メキシコ人は、宵っ張りだと良く言われる。いつも遅くまで酔っぱらって騒いでいるというイメージである。西部劇にあるメキシコの無法地帯もそういったイメージである。メキシコ駐在時代に、本当にそうなのかを調べてみることにした。私の住んでいた地域は、大学都市の近くでColonia Guadalupe Innと呼ばれ、私のアパートは、中流の上のクラスが住んでいた。駐車場は、1世帯当たり2台分あり、1台しか持っていない住人は、私を含め数世帯であった。アパートの窓から住人全員の駐車場が見えるので、月曜日から日曜日まで、夜の9時時点でどのくらいの車が車庫に戻っているかチェックした。その結果、判明したことは、月曜日から木曜日までは、ほとんどの車が戻っていたのである。金曜日と土曜日については、1~2割の車が戻っていなかった。要はほとんどすべてのアパート住人が静かな市民生活を営んでいるのである。メキシコ人は「メリハリのある宵っ張り」と言った方がいいのかもしれない。それ以降、人の言うことはほどほどに聞き、自分で確認したことのみを信用することにした。
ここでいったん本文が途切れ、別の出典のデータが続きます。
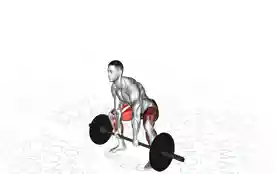 相扑硬拉（Sumo Deadlift）正确姿势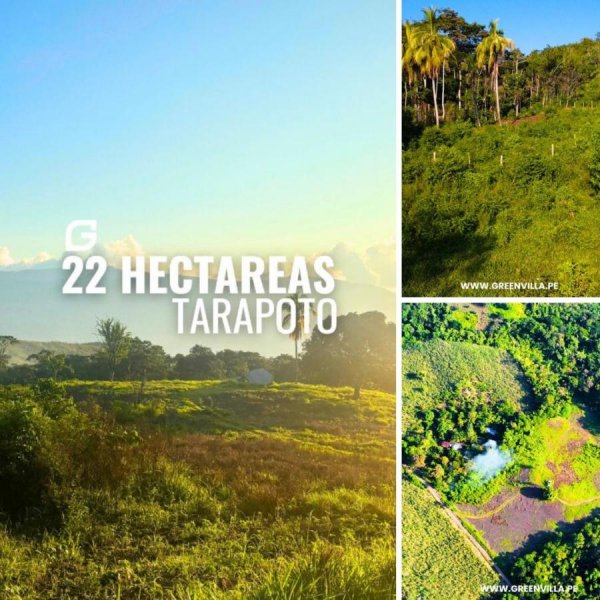 Terreno en Venta en  Tarapoto, San Martin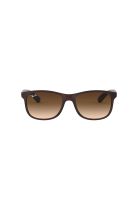 Ray-Ban Lentes de Sol Andy Degradados RB4202 607313 55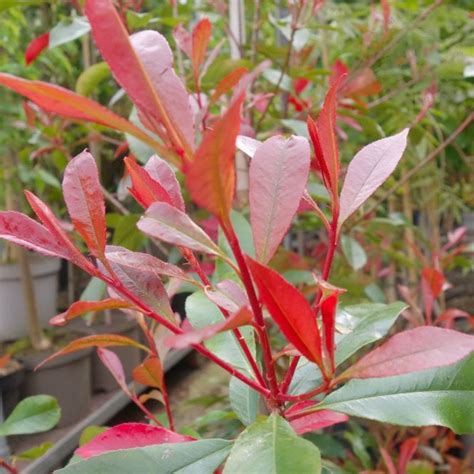 Photinia × Fraseri Carre Rouge Buy Photinia Mandarino Trees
「人に影響されるな」が私のモットーになった。

 

「プールサイドでⅠ週間過ごすには」

 

メキシコシテイは海抜2200メートルの高地にあるため。3カ月に1回高地手当というのがあり、確か3泊4日くらいの休暇が認められていた。行先は海抜0メートルで、空気の濃い保養地アカプルコである。1970年代半ばのアカプルコは、まだカリブ海のカンクンも開発途上であったため、全盛期であり、250室の内プールが150あるラス・ブリサス・ホテルや大きなプールが11あり、ゴルフ場もあるアカプルコ・プリンセス・ホテル等々5つ星のホテルがたくさんあった。私の家族も中心部のホテルや空港近くのホテル等に宿泊した。最初にアカプルコ訪問した時は、物珍しさに中心部に出かけたり、有名な崖からの飛び込みショウなどを見学し、あちこち回った。よく考えてみると、アカプルコには休養にきているのであって、あちこち回るためではない。そこで、2度目からは、プール・サイドまたはビーチに1日中じっとしていることにした。やってみると、これが大変で、日本人の常としてなかなかじっとしていられない。周りのメキシコ人や外国人はプールサイドで何もしないで寝そべっていたり、本を読んだりしている。たぶん、これは訓練の問題であろうと考え、駐在中に、Ⅰ週間はじっとしていられるように歯を食いしばって頑張ってみた。訓練の甲斐もあって、Ⅰ週間くらいなら、本さえあれば、じっとしていられるようになった。訓練は大切である。

「メキシコの警察官の話」

 

今は、かなり変わっていると思うが、私のメキシコ駐在時代(1974年~77年)におけるメキシコの警察官は常に駐在員の話題になる対象であった。mordidaと呼ばれる小額の賄賂金に関わるものである。信号無視、スピード違反、酔っぱらい運転等の取り締まりに従事する警察官の中には、真面目に業務を遂行するものも少なくないが、中には、鵜の目鷹の目で捕まえる対象を探し、小額のmordidaをせしめようとするものも多かった。当時の警察官は、最低賃金を少し上回るくらいの給与であり、子だくさんの家庭を維持するにはとても大変である。中には、マチスモの国によく見られるが、外に愛人や隠し子を持ったりする警察官もいる。mordidaは、彼らの観点から見ると必要悪なのである。もちろん、受け取った金額は全額自分のポケットに入るわけではなく、上司に貢がなくてはならない。当時の現地の新聞によると、最初は、街角に立ち、交通違反を取り締まることになるが、そこで成績がいいと、バイクを与えられる。一度、バイクに乗れると収入が俄然増える。さらに上司の覚えがめでたいとパトカーによる取り締まりを任せられる。ここまで出世すると収入が飛躍的に伸び、少しは裕福になる。それでも真面目な警察官は、上納金のノルマが達成できず、バイクやパトカーを借り、休日出勤することもあるという。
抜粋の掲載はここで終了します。